By Goolbai Gunasekara


“The fault, dear Brutus, is not in our stars but in ourselves” said Caesar – or rather said Shakespeare in the Tragedy “Julius Caesar”. Those of my generation (several decades ago) quoted him when trying to explain why the most recent prediction of the family soothsayer had gone totally wonky. ‘Julius Caesar’ had been the O/Level Literature text for many years so at least two generations of Sri Lankans, including my Dearly  Beloved, could quote from the play at family gatherings giving my admiring parents and others the completely erroneous impression of being well versed in the Classics.

Yet Shakespeare did not really influence some parents who consulted astrologers on a weekly basis. Doing so was problematic. There were no mobiles when my friends and I were at school to give astrological believers the instant hotline to the all –knowing-one, and the astrologer himself probably had nothing so modern in his house as even a land phone. Ergo, one made the visit, personally, to distant areas that often took up to 2 hours in the family car. Very few of these star gazers lived in convenient urban settings.

My own parents were ambivalent about astrological veracity but even a Yale education could not quite take childhood faiths away from my father. We all had horoscopes done by (he claimed) India’s finest predictor. When my rambunctious sister was being particularly rambunctious he would say angrily, “Even your horoscope says you would be a thoroughly annoying child.”Su tossed her pretty head and carried on as usual.

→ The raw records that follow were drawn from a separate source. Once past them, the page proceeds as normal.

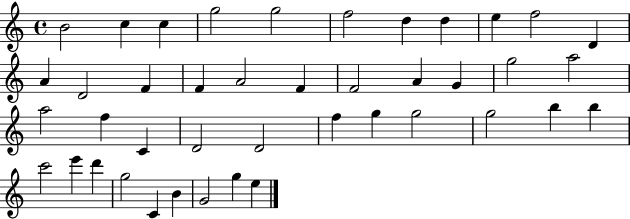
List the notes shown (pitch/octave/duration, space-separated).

B4/h C5/q C5/q G5/h G5/h F5/h D5/q D5/q E5/q F5/h D4/q A4/q D4/h F4/q F4/q A4/h F4/q F4/h A4/q G4/q G5/h A5/h A5/h F5/q C4/q D4/h D4/h F5/q G5/q G5/h G5/h B5/q B5/q C6/h E6/q D6/q G5/h C4/q B4/q G4/h G5/q E5/q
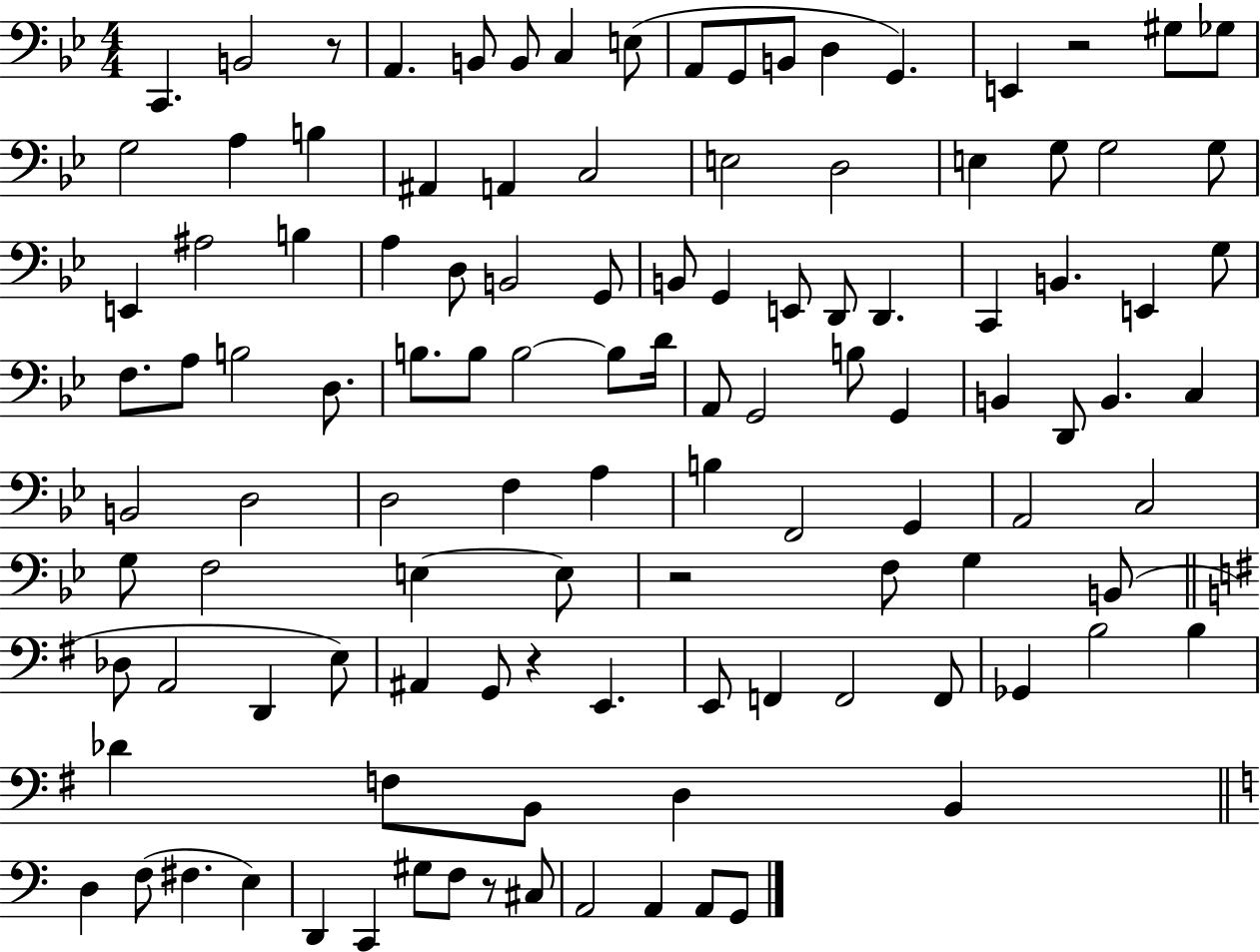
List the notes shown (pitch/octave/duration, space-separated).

C2/q. B2/h R/e A2/q. B2/e B2/e C3/q E3/e A2/e G2/e B2/e D3/q G2/q. E2/q R/h G#3/e Gb3/e G3/h A3/q B3/q A#2/q A2/q C3/h E3/h D3/h E3/q G3/e G3/h G3/e E2/q A#3/h B3/q A3/q D3/e B2/h G2/e B2/e G2/q E2/e D2/e D2/q. C2/q B2/q. E2/q G3/e F3/e. A3/e B3/h D3/e. B3/e. B3/e B3/h B3/e D4/s A2/e G2/h B3/e G2/q B2/q D2/e B2/q. C3/q B2/h D3/h D3/h F3/q A3/q B3/q F2/h G2/q A2/h C3/h G3/e F3/h E3/q E3/e R/h F3/e G3/q B2/e Db3/e A2/h D2/q E3/e A#2/q G2/e R/q E2/q. E2/e F2/q F2/h F2/e Gb2/q B3/h B3/q Db4/q F3/e B2/e D3/q B2/q D3/q F3/e F#3/q. E3/q D2/q C2/q G#3/e F3/e R/e C#3/e A2/h A2/q A2/e G2/e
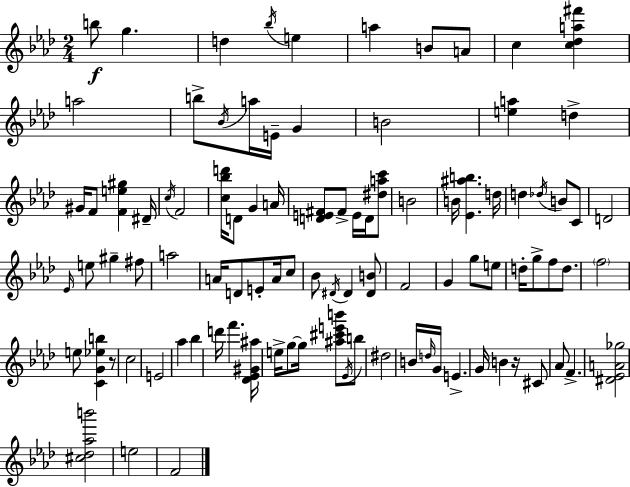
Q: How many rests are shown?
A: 2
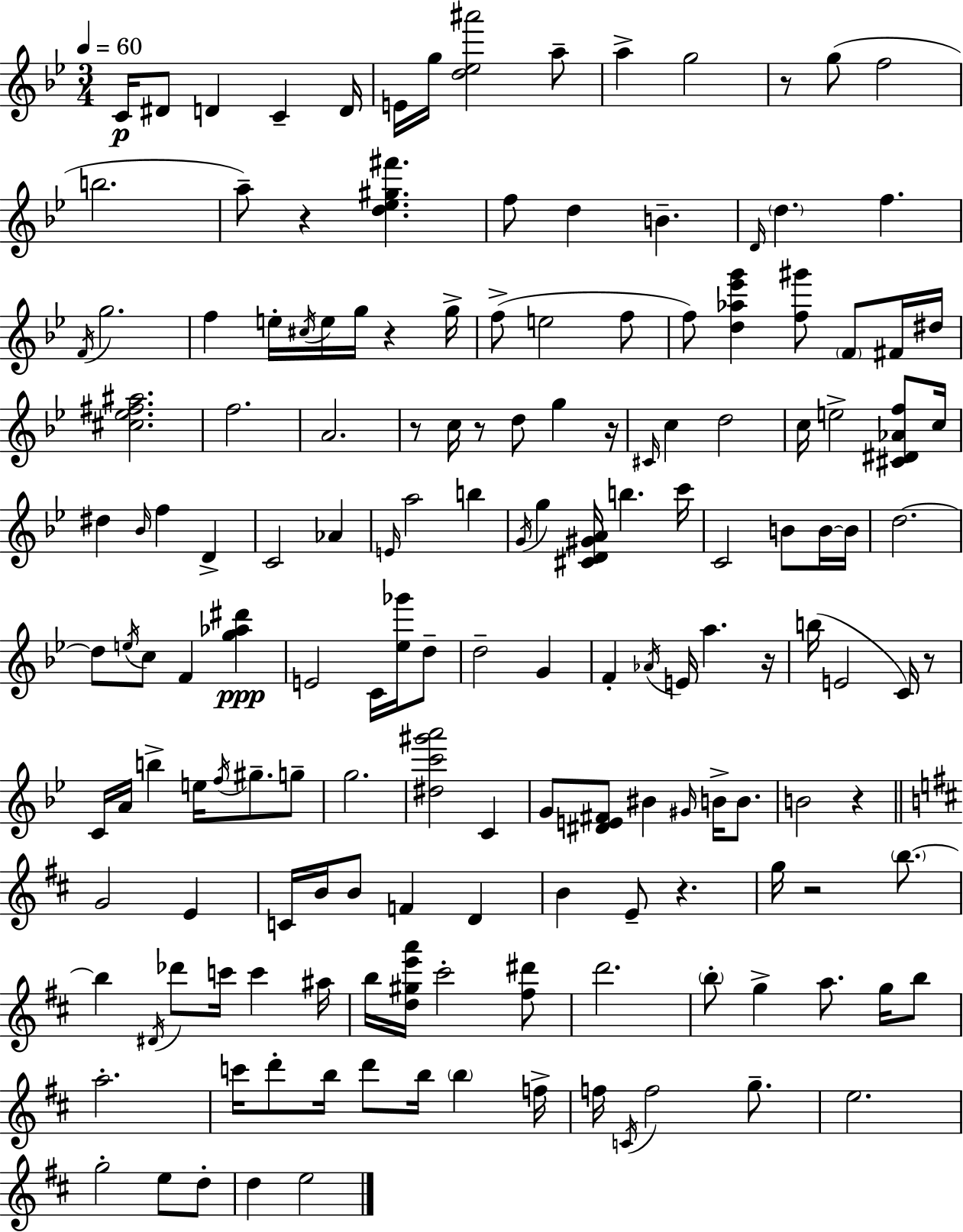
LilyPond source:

{
  \clef treble
  \numericTimeSignature
  \time 3/4
  \key bes \major
  \tempo 4 = 60
  c'16\p dis'8 d'4 c'4-- d'16 | e'16 g''16 <d'' ees'' ais'''>2 a''8-- | a''4-> g''2 | r8 g''8( f''2 | \break b''2. | a''8--) r4 <d'' ees'' gis'' fis'''>4. | f''8 d''4 b'4.-- | \grace { d'16 } \parenthesize d''4. f''4. | \break \acciaccatura { f'16 } g''2. | f''4 e''16-. \acciaccatura { cis''16 } e''16 g''16 r4 | g''16-> f''8->( e''2 | f''8 f''8) <d'' aes'' ees''' g'''>4 <f'' gis'''>8 \parenthesize f'8 | \break fis'16 dis''16 <cis'' ees'' fis'' ais''>2. | f''2. | a'2. | r8 c''16 r8 d''8 g''4 | \break r16 \grace { cis'16 } c''4 d''2 | c''16 e''2-> | <cis' dis' aes' f''>8 c''16 dis''4 \grace { bes'16 } f''4 | d'4-> c'2 | \break aes'4 \grace { e'16 } a''2 | b''4 \acciaccatura { g'16 } g''4 <cis' d' gis' a'>16 | b''4. c'''16 c'2 | b'8 b'16~~ b'16 d''2.~~ | \break d''8 \acciaccatura { e''16 } c''8 | f'4 <g'' aes'' dis'''>4\ppp e'2 | c'16 <ees'' ges'''>16 d''8-- d''2-- | g'4 f'4-. | \break \acciaccatura { aes'16 } e'16 a''4. r16 b''16( e'2 | c'16) r8 c'16 a'16 b''4-> | e''16 \acciaccatura { f''16 } gis''8.-- g''8-- g''2. | <dis'' c''' gis''' a'''>2 | \break c'4 g'8 | <dis' e' fis'>8 bis'4 \grace { gis'16 } b'16-> b'8. b'2 | r4 \bar "||" \break \key d \major g'2 e'4 | c'16 b'16 b'8 f'4 d'4 | b'4 e'8-- r4. | g''16 r2 \parenthesize b''8.~~ | \break b''4 \acciaccatura { dis'16 } des'''8 c'''16 c'''4 | ais''16 b''16 <d'' gis'' e''' a'''>16 cis'''2-. <fis'' dis'''>8 | d'''2. | \parenthesize b''8-. g''4-> a''8. g''16 b''8 | \break a''2.-. | c'''16 d'''8-. b''16 d'''8 b''16 \parenthesize b''4 | f''16-> f''16 \acciaccatura { c'16 } f''2 g''8.-- | e''2. | \break g''2-. e''8 | d''8-. d''4 e''2 | \bar "|."
}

He would turn to me and say a trifle accusingly, “YOUR horoscope says you will marry twice”. I was enchanted. Obviously a life of excitement and thrills lay before me in the romance department. Alas, not so. I celebrated my 67th wedding anniversary shortly before my husband passed away and I wish my sire  was alive so that I could tell him we cheated a supposed expert from India no less.

My Ambassador father- in- law was a distinguished figure and a mightily popular one on the Diplomatic circles of the UK, France and Australia, not only for his Bridge playing expertise but also for the completely false image he cheerfully projected of being a great palm reader. It came about accidentally. Coming from Sri Lanka he knew the astrological blurb.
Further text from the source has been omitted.